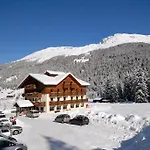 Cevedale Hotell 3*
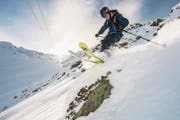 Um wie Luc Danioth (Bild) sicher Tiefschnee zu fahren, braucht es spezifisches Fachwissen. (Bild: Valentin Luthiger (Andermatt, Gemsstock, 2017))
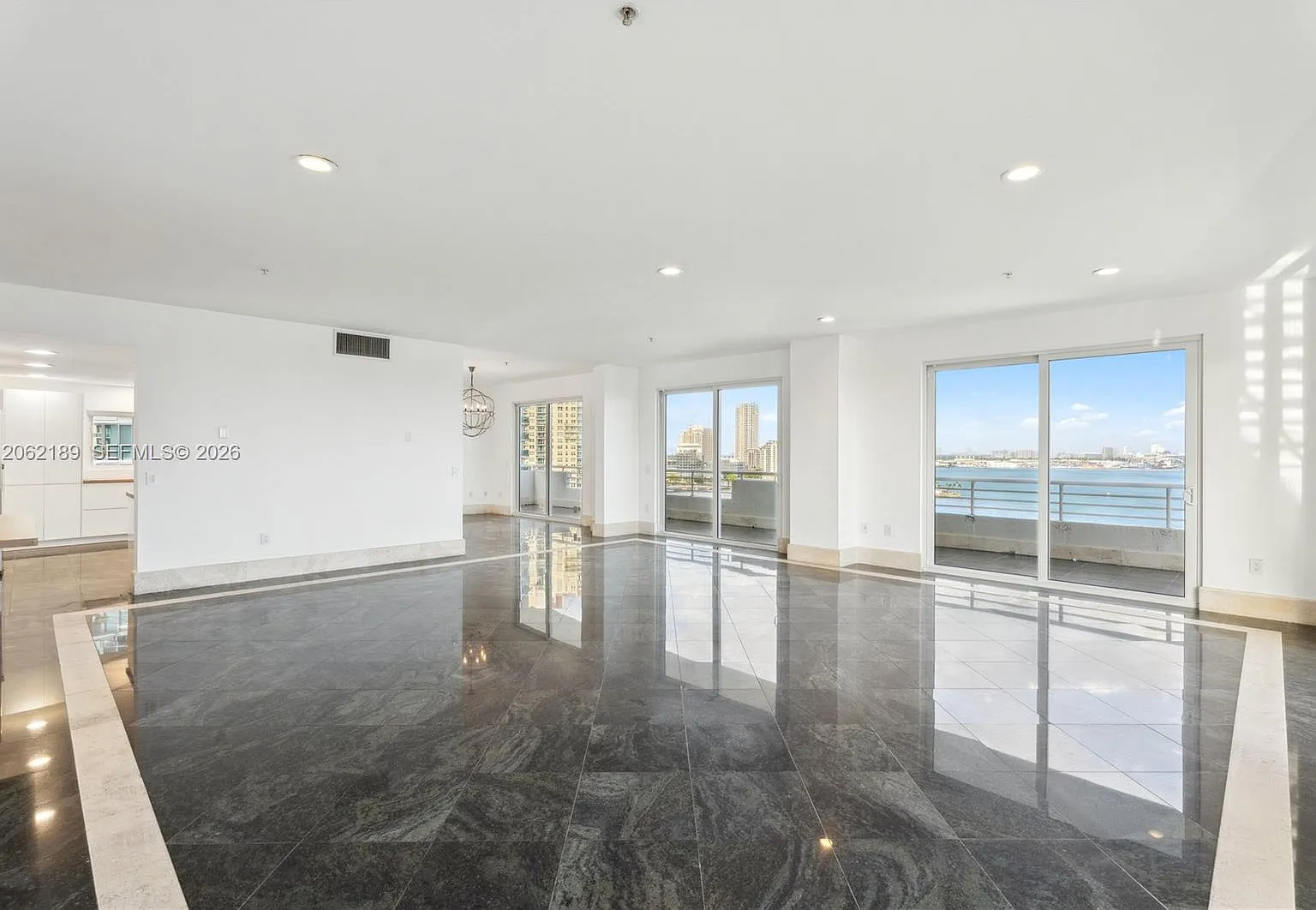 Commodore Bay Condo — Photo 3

**WORK TO COMPLETE:** From the material above, output every line exactly as written, dropping any picture.

**REPLY TO THE TASK:**
 Cevedale Hotell 3*
 Um wie Luc Danioth (Bild) sicher Tiefschnee zu fahren, braucht es spezifisches Fachwissen. (Bild: Valentin Luthiger (Andermatt, Gemsstock, 2017))
 Commodore Bay Condo — Photo 3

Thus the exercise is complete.